Binary Classification Under $\ell_0$ Attacks for General Noise Distribution
This work addresses adversarial robustness in machine learning for scenarios with ℓ₀ attacks, providing theoretical guarantees and a phase transition result, though it is incremental as it builds on existing robust classification frameworks.
The paper tackles the problem of binary classification under adversarial attacks constrained by the ℓ₀ norm, where the adversary can perturb a limited number of coordinates without bound. It introduces a classification method with truncation and shows that, asymptotically, if the adversary perturbs no more than √d samples, the method achieves near-optimal error, effectively neutralizing the attack, while beyond this threshold, no classifier outperforms random guessing.
Adversarial examples have recently drawn considerable attention in the field of machine learning due to the fact that small perturbations in the data can result in major performance degradation. This phenomenon is usually modeled by a malicious adversary that can apply perturbations to the data in a constrained fashion, such as being bounded in a certain norm. In this paper, we study this problem when the adversary is constrained by the $\ell_0$ norm; i.e., it can perturb a certain number of coordinates in the input, but has no limit on how much it can perturb those coordinates.
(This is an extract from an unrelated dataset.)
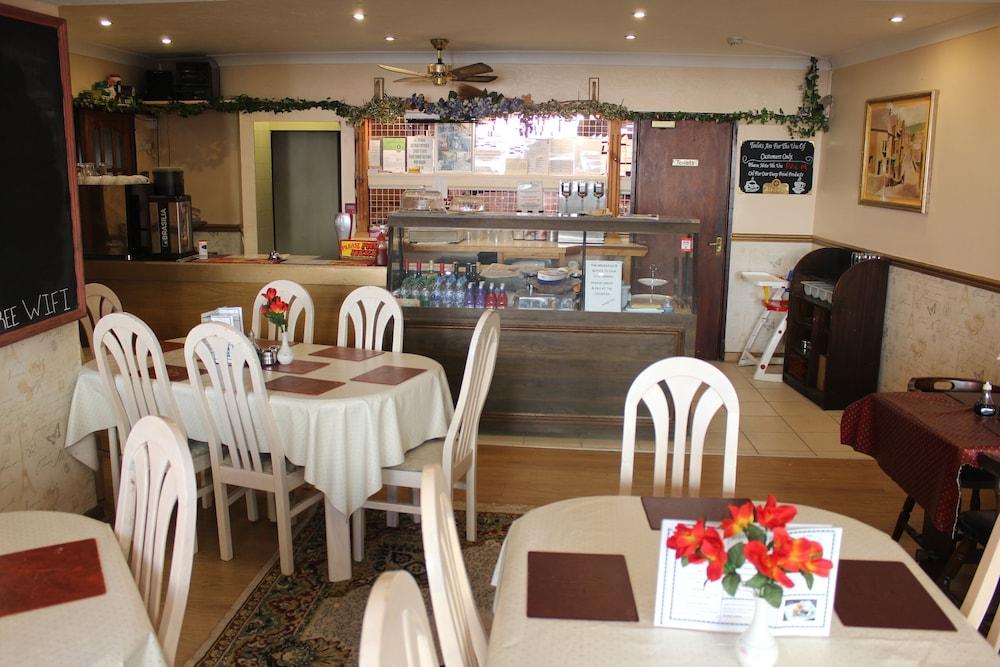 The Middlegate Hotel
Due to the combinatorial nature of this setting, we need to go beyond the standard techniques in robust machine learning to address this problem. We consider a binary classification scenario where $d$ noisy data samples of the true label are provided to us after adversarial perturbations. We introduce a classification method which employs a nonlinear component called truncation, and show in an asymptotic scenario, as long as the adversary is restricted to perturb no more than $\sqrt{d}$ data samples, we can almost achieve the optimal classification error in the absence of the adversary, i.e. we can completely neutralize adversary's effect. Surprisingly, we observe a phase transition in the sense that using a converse argument, we show that if the adversary can perturb more than $\sqrt{d}$ coordinates, no classifier can do better than a random guess.